Desain biophilic (banyak tanaman, cahaya alami) lagi hits, cocok buat hunian urban di Jabodetabek.
3. Pastikan Komunikasi Nyambung
Arsitek yang baik adalah yang dengar keinginanmu, bukan cuma ngotot sama idenya sendiri. Gen Z suka komunikasi cepat via WhatsApp atau Zoom, jadi pilih arsitek yang responsif dan open buat diskusi.
Menurut Properti Indonesia (2024), 80 persen klien puas kalau arsitek jelasin desain dengan visual 3D atau mood board.
Ketemu langsung atau virtual buat tes chemistry.
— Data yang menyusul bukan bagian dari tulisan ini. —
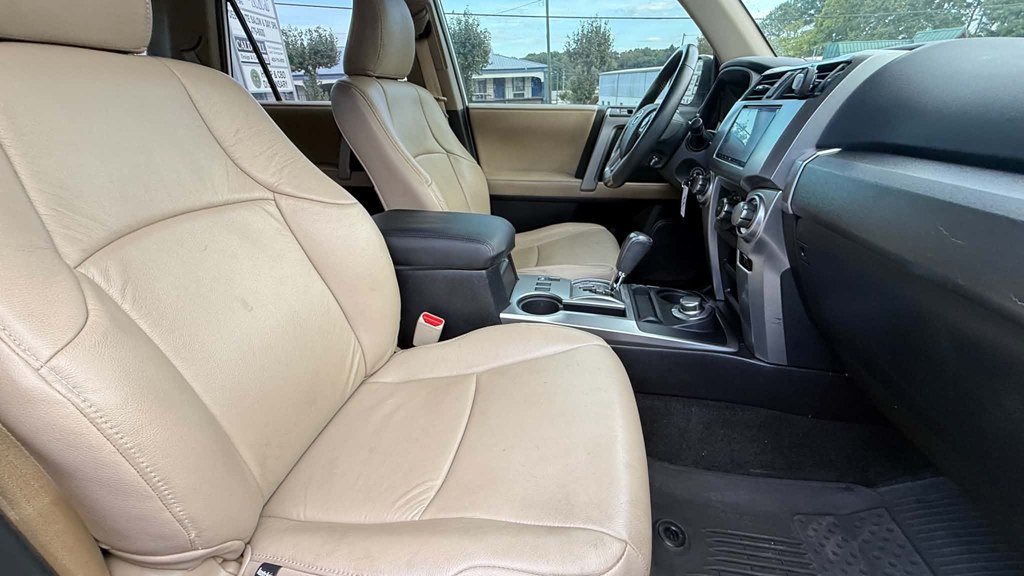 Photo 13 of this TOYOTA 4RUNNER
Kalau udah nggak nyambung dari awal, mending cari yang lain.
4. Cek Pengalaman dan Spesialisasi
Arsitek dengan pengalaman lebih dari 5 tahun biasanya lebih jago menangani masalah lapangan, seperti koordinasi dengan kontraktor atau atasi keterbatasan lahan.
Tanyakan spesialisasi mereka: rumah tinggal, apartemen, atau komersial? Buat rumah subsidi dekat KRL (contoh: Citra Maja Raya, 550 meter dari Stasiun Maja), pilih arsitek yang paham desain kompak dan efisien.
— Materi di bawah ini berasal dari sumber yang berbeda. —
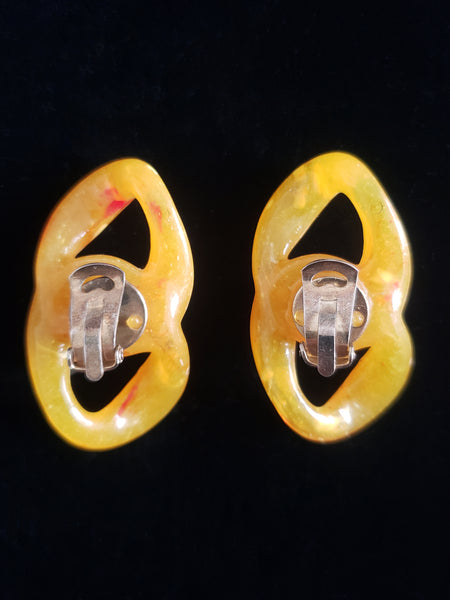 1960s Vintage Speckled Mustard Lucite Chain Link Clip Earrings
Cari yang pernah menangani proyek di lokasi serupa. Misal, arsitek di Bekasi biasanya paham regulasi bangunan dekat jalur KRL.
5. Pahami Struktur Biaya
Biaya arsitek bervariasi sekitar 3-7 persen dari total biaya proyek atau flat rate (Rp 10 juta-Rp 50 juta, tergantung kompleksitas).
Untuk rumah subsidi (Rp 168 juta-Rp 300 juta), cari arsitek yang mau kerja dengan budget minim. Tanyakan apa saja yang termasuk: desain, RAB, atau pengawasan proyek?
Minta rincian kontrak tertulis, termasuk revisi desain (biasanya 2-3 kali gratis). Hindari arsitek yang nggak transparan soal biaya.
Banyak arsitek tawarkan paket hemat untuk Gen Z, seperti desain digital-only tanpa pengawasan, mulai Rp 5 juta.